Don't like the idea of using an epoxy mix. I'm uncomfortable with
using them, and I would rather be able to very neatly apply the
compound. After mixing epoxy, you're sort of stuck using a spoon
or some other flat clumsy tool for the application.
Looking at this...
http://www.amazon.com/Arctic-Silver-Alumina-Polysynthetic-Compound/dp/B004Z9XG0I/ref=pd_cp_pc_2
Does it dry?
That says it "Will not run, separate, migrate, or bleed".
Hopefully that means it won't ooze out of the holes.
Thanks.
Thermal compounds use a viscous substrate material which
resists "pump-out". Normally, when a heatsink heats up, the
materials in the area expand at different rates, and
"stuff moves around". This translates to a pumping action
(as there is normal force pushing down on the whole thing).

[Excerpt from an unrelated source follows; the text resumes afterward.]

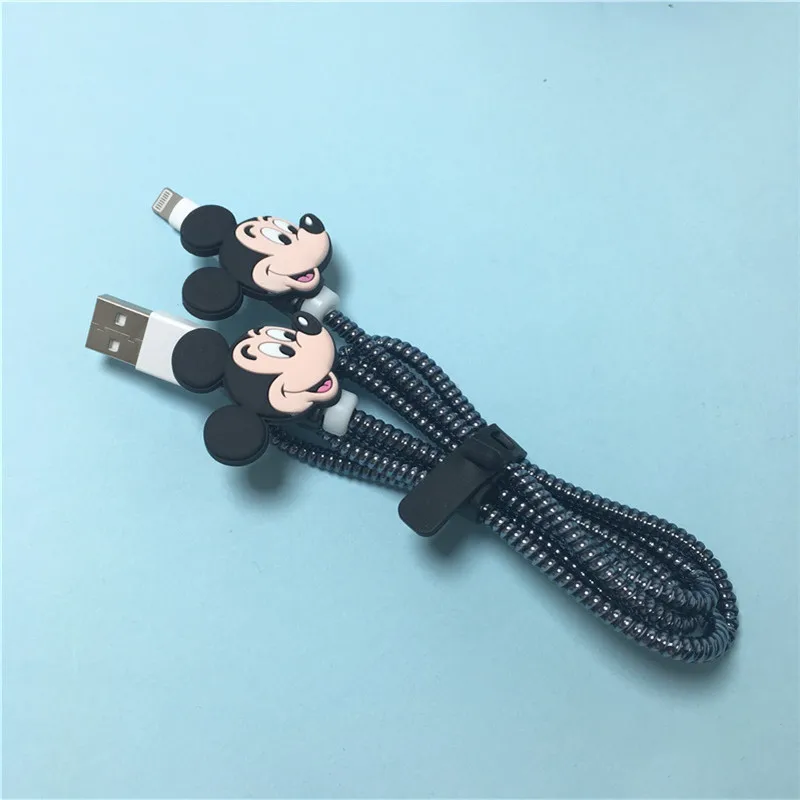 Disney Cable Winder Set Cartoon Charger USB Cable Protector per Apple IPhone per Samsung Xiaomi Huawei Cable Protect Decoration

If the substrate compound is fluid-like (such as zinc oxide in
silicon oil), the oil can leave fairly rapidly, in a few days.
The Arctic Silver product I have, is pretty thick. It also
tends to "set" in a few days. There are some materials, which
are a bit "drier" and they're almost the consistency of cookie
dough, and tend to break off in dough like pieces. Users who
have worked with that stuff, hate it, because it's so hard
to apply. There's no way to spread it on stuff. So when these
companies go too far with the "thick" idea, the product
goes down hill because of it.
*******
Yes, you can use thermal paste between heatpipes and spreader
plate. They may not meet all that well in the first place
though (not much surface area comes into direct contact), because
of the difficulty of milling exact curves and mating the stuff
nicely. When they make stuff like the old copper-core aluminum
heatsinks, where the items are heated before assembly, and basically
"crush" one another when they cool off, that's an example of
a more intimate mating (a true compression fit, with tons of
force). Heatpipes on the other hand, you can put thermal paste
around them, but any areas where the thermal paste is 1/16" thick,
it's virtually useless. The heatpipe is more conductive than
solid copper (due to the phase change action that makes pipes
so good in the first place). As soon as the pipe is separated
from the base metal by even a tiny distance, the thermal
resistance of paste is so high by comparison, it's like there
is no thermal path there at all. If the paste is really thin,
and boron nitride particles are pressed between two metal surfaces,
that conducts pretty well.
So it's really better if the metals are precisely formed
and large areas make metal to metal contact. The paste
can help, if there is a small air gap, but gross errors
in milling, bending or shaping, the paste would just
be wasted filling gaps like that. So if you sloshed
the stuff in the gap, only areas of metal separated
from their mate by 0.001", are going to get some
benefit conduction-wise. Any areas where the metals
are far apart, the paste really can't bridge them in
a useful way.
The same would happen with thermal epoxy. The math hasn't
changed. If there was some way to "crush" the components
together (more metal to metal touches), that would help,
but of course if you bust the seal on the pipe, that
ruins it. If the working fluid gets out, the pipe almost
becomes an insulator - it's performance would be terrible
without the phase change action that transfers the heat.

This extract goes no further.